Benvenuti in Israele, il paese degli investimenti stradali terroristici, degli accoltellamenti, dei razzi e dei lanci di pietre sulle auto di passaggio; dell’alta disparità di reddito e degli alti tassi di povertà; dei politici corrotti, della siccità, degli incendi; delle tensioni fra arabi ed ebrei, fra laici e religiosi, fra religiosi di diverse fedi, fra ashkenaziti e sefarditi. Eppure, contro ogni aspettativa, le inchieste sugli israeliani rilevano costantemente che siamo, nel complesso, un gruppo umano felice. A cosa si può attribuire questo senso di appagamento, a quanto pare autoctono? Evidentemente non è correlato con le dimensioni dei nostri appartamenti o dei nostri conti bancari. Né riflette, stando a queste stesse ricerche, un grado comparabile di soddisfazione per le performance dello stato. L’Israel Democracy Index 2016, da poco pubblicato, mette in evidenza quello che si potrebbe chiamare il “paradosso della felicità”.
Tre quarti degli israeliani intervistati definiscono la propria situazione personale come “buona” o “molto buona”. La grande maggioranza degli israeliani si dice ottimista circa il futuro del paese. Sono numeri che sarebbero notevoli anche per un paese non assediato e afflitto da conflitti. Non mancano dati comparativi di ricerche internazionali a conferma della conclusione che Israele – con tutti i suoi problemi e le sue incertezze, dagli scioperi dei servizi pubblici al caro-benzina – è un posto alquanto felice.

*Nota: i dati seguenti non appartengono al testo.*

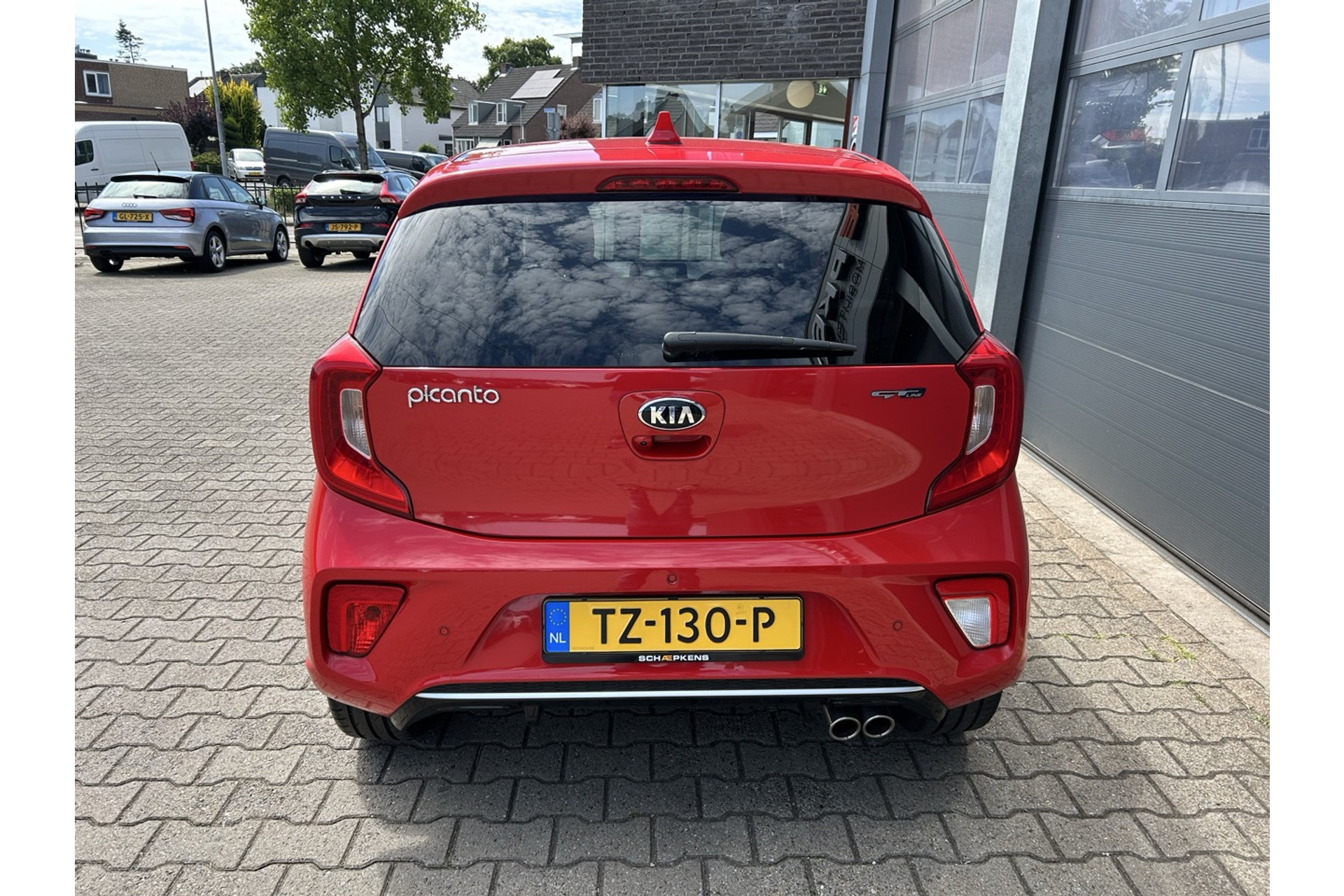 46099957-13.jpg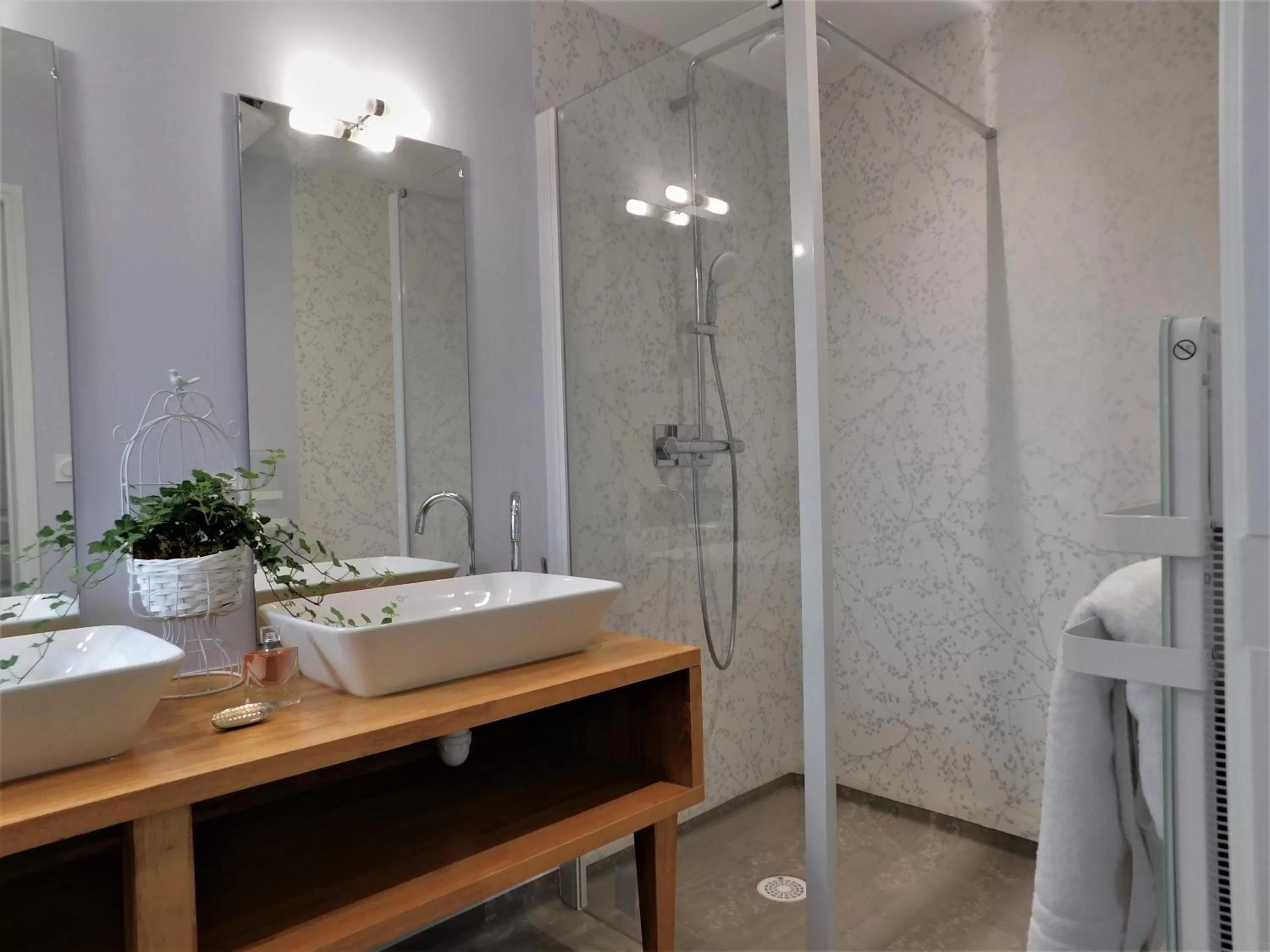 Bathroom in Hôtel-Restaurant des Augustins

Anche quest’anno Israele si è piazzato fra i primi cinque della lista, superato solo da Danimarca, Svizzera, Islanda e Finlandia. Gli Stati Uniti, tanto per dire, non sono nemmeno fra i primi dieci. L’Ocse classifica i paesi anche in base a ventidue variabili che vanno dal reddito all’istruzione, alla sanità, agli alloggi. Israele presenta risultati misti: più forte della media in alcuni campi come salute e longevità, disoccupazione e tassi di scolarizzazione; più debole della media in altri campi come il reddito pro capite, i punteggi dei test standardizzati e l’equità salariale. Anche l’Onu svolge analoghe ricerca sulla felicità dei cittadini degli stati membri. Il suo Rapporto 2016 sulla felicità mondiale colloca Israele in un’impressionante undicesima posizione (dev’essere l’unico rapporto che esce dal Palazzo di vetro in cui Israele non viene bistrattato…). Dunque, cosa c’è dietro a questo straordinario paradosso, che trova conferma sondaggio dopo sondaggio? Israele non può permettersi i generosi programmi di assistenza sociale di una Danimarca, né la quiete uniforme della Nuova Zelanda. Il valore che abbiamo, in abbondanza, è il significato. Israele allora non è solo un posto dove vivere. E’, per molti di noi, il posto in cui si vuole vivere.